*** DATA IN THIS EXERCISE Section Begins ***

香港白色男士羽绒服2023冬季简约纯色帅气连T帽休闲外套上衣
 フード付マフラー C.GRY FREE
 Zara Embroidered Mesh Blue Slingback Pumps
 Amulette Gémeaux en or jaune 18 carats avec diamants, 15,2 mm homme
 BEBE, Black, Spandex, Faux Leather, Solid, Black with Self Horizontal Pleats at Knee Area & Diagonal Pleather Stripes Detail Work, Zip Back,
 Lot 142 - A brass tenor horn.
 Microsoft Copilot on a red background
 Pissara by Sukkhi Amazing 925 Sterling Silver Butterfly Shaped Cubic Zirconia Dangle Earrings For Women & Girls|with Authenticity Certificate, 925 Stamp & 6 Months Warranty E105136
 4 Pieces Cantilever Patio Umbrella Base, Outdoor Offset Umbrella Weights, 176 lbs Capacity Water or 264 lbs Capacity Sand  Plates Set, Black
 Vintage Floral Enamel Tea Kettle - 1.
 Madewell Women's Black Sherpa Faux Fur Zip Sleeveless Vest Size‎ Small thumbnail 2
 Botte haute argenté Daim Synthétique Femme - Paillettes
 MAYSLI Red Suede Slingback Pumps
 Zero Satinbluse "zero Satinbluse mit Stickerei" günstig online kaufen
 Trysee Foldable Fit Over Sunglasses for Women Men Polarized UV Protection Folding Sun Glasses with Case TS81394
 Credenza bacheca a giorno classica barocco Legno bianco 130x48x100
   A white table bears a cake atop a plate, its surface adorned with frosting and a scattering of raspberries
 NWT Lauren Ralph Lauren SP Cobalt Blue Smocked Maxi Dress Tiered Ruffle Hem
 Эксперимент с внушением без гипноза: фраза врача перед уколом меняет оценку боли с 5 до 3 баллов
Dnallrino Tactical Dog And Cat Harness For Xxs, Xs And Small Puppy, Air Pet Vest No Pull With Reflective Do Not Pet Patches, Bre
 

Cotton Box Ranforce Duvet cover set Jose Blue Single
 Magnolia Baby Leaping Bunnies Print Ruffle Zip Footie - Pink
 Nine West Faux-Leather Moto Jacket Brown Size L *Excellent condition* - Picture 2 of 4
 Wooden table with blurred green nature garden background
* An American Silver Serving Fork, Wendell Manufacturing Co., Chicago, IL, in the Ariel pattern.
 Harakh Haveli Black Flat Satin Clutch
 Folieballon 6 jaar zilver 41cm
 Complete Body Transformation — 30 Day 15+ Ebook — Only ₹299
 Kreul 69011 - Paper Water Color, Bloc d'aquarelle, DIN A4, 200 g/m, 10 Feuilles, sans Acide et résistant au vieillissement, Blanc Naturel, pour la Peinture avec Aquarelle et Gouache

*** DATA IN THIS EXERCISE Section Ends ***

WORK ITEM >> What is needed is an exact copy of the entries from their first line down to the line with "MAYSLI Red Suede Slingback Pumps", that line included, and nothing beyond it.

TASK ANSWER >>
香港白色男士羽绒服2023冬季简约纯色帅气连T帽休闲外套上衣
 フード付マフラー C.GRY FREE
 Zara Embroidered Mesh Blue Slingback Pumps
 Amulette Gémeaux en or jaune 18 carats avec diamants, 15,2 mm homme
 BEBE, Black, Spandex, Faux Leather, Solid, Black with Self Horizontal Pleats at Knee Area & Diagonal Pleather Stripes Detail Work, Zip Back,
 Lot 142 - A brass tenor horn.
 Microsoft Copilot on a red background
 Pissara by Sukkhi Amazing 925 Sterling Silver Butterfly Shaped Cubic Zirconia Dangle Earrings For Women & Girls|with Authenticity Certificate, 925 Stamp & 6 Months Warranty E105136
 4 Pieces Cantilever Patio Umbrella Base, Outdoor Offset Umbrella Weights, 176 lbs Capacity Water or 264 lbs Capacity Sand  Plates Set, Black
 Vintage Floral Enamel Tea Kettle - 1.
 Madewell Women's Black Sherpa Faux Fur Zip Sleeveless Vest Size‎ Small thumbnail 2
 Botte haute argenté Daim Synthétique Femme - Paillettes
 MAYSLI Red Suede Slingback Pumps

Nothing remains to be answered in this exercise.